小刘快速浏览,脸色越来越沉,看到关联图谱时,手指明显抖了一下。张总看得更慢,眉头微蹙,不时推一下眼镜。
“苏总,林组长,”小刘放下材料,声音有些发干,“这些数据……还有这个关联,你们从哪来的?这……这太危言耸听了吧?我们公司运营正常,团队也很稳定。”
“数据来源,一部分是公开信息抓取和行业数据分析,一部分是我们‘锚点’平台基于合作企业脱敏数据的模型推演。关联信息,则有合规的公开信息查询支持。”林砚之平静地解释,“我们并非断定贵司一定出了问题,而是模型识别出的风险因子组合,达到了需要提示的阈值。特别是‘关键人才异常流动’与‘特定外部资本活动’的时空耦合,在历史上多次被证明是针对性商业动作的前兆。”
张总咳嗽一声,接口道:“感谢二位的专业提醒。不过,企业有人才流动是正常的,有些投资机构接触我们,也说明我们有价值。至于技术团队,我们有完善的激励机制和股权安排……”
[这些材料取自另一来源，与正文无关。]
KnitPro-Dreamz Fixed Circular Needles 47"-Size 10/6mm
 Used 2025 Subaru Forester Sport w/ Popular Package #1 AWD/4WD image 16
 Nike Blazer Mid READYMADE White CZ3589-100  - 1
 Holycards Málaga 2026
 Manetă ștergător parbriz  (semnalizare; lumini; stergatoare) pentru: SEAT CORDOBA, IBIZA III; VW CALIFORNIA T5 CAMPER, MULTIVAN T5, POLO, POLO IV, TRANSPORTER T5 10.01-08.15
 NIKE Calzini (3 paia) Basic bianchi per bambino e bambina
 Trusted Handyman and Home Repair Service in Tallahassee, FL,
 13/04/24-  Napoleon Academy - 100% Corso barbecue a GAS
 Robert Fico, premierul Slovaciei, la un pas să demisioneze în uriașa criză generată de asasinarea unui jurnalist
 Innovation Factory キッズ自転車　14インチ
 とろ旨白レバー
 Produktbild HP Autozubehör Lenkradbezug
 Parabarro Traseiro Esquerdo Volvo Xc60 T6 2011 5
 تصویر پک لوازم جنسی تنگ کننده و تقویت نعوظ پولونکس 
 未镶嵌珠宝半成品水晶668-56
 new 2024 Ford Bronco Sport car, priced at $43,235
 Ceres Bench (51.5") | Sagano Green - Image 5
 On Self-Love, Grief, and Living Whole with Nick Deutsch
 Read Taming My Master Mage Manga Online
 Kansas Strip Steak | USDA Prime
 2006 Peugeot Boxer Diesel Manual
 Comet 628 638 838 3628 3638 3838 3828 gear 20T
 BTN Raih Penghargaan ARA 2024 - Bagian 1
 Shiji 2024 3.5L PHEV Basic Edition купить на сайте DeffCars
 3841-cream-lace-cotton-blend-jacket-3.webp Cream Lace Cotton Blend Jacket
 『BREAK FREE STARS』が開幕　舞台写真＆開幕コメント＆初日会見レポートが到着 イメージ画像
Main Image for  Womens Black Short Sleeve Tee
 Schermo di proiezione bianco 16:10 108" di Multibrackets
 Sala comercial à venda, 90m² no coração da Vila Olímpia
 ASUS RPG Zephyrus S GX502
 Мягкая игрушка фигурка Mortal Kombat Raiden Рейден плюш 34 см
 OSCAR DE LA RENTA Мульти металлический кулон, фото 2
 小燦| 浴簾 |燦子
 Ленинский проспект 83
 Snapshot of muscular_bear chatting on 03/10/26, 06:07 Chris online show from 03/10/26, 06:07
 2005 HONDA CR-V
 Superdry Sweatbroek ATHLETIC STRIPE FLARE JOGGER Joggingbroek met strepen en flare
“张总,”苏清越打断他,声音不高,却带着一种穿透力,“如果激励机制真的完善,如果股权安排真的能绑定人心,为什么贵司CTO、首席液压工程师等三位核心人员的简历,在过去一周内,在两家顶级猎头公司的后台数据库里,活跃度提升了300%?为什么接触他们的,是同一家背景复杂的基金所聘用的同一家猎头公司?”
她调出周语茉刚刚发来的最新监控截图,投射在包厢的电视屏幕上。截图经过处理,隐去了个人信息,但关键的时间戳、公司名称、活跃度曲线异常清晰。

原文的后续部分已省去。